The Sardar Mahadik family of Gwalior State are a Maratha family who once held noble rank. The family's roots lie with Yashwant Rao Mahadik, who accompanied Mahadji Scindia to Gwalior from the Deccan.

Lieutenant-Colonel Sardar Krishna Rao Mahadik

Lt. Col. Sardar Krishna Rao Mahadik was born on 12 June 1902 in Gwalior. He studied in Sardar school, now known as Scindia school, in Gwalior and then did his diploma course from Mayo College, Ajmer. After his return he was married to Gunwantabai Mahadik the younger sister of Maharani Gajraraje Scindia, wife of Madhav Rao Scindia (Senior) from the Rane family of Goa.

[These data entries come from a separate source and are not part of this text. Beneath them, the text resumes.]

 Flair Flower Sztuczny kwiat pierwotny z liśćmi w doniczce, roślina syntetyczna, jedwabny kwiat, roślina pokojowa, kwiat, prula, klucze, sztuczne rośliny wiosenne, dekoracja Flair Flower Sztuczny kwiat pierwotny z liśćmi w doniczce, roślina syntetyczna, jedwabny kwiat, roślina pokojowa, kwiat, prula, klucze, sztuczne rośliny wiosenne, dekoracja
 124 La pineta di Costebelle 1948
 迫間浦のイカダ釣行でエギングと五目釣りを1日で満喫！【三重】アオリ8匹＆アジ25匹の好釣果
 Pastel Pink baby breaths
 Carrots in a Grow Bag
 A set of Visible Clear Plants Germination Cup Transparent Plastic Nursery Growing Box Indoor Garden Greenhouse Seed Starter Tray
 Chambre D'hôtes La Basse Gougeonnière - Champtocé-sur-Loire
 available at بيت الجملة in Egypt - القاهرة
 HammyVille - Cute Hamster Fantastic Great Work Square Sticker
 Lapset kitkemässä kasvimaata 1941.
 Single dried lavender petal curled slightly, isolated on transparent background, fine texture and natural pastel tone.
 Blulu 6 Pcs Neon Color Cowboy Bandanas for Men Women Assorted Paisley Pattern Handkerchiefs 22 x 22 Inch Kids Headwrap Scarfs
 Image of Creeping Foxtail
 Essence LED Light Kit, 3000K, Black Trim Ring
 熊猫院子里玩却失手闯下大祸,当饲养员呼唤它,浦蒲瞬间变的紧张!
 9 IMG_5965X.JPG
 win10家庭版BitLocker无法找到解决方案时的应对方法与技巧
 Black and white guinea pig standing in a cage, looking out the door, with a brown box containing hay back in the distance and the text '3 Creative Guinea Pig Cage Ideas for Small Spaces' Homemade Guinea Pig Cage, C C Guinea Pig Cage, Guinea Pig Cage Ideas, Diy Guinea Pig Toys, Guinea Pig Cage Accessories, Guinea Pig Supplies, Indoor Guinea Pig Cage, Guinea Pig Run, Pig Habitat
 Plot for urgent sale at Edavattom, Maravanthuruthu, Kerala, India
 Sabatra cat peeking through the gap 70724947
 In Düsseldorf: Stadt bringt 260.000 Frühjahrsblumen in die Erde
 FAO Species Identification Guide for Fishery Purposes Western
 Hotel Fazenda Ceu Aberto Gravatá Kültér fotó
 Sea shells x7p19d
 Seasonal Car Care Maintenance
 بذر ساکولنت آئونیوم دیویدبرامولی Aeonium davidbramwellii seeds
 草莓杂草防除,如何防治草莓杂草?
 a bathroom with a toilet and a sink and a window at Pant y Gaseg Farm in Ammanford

His first assignment was as Collector of Guna in Gwalior state. He then became the General Manager of Gwalior power house and was subsequently commissioned as a Lieutenant-Colonel in artillery section of the Gwalior and British army. Later on he became Commerce, Industries and communication minister of Gwalior State at the time of Maharaja Jivaji Rao Scindia during merger of Gwalior state into the union of India. He was finance minister and went to America for negotiation with the President and took part in the princely conference representing Maharaja Gwalior during the merger.

As a minister of Gwalior state he wrote a book titled Economic Planning for Gwalior. In his old age he was involved in a court case involving a land dispute in Poona. He died in 1967 before the case was resolved, leaving five daughters and a son, Sadashiv Rao Mahadik.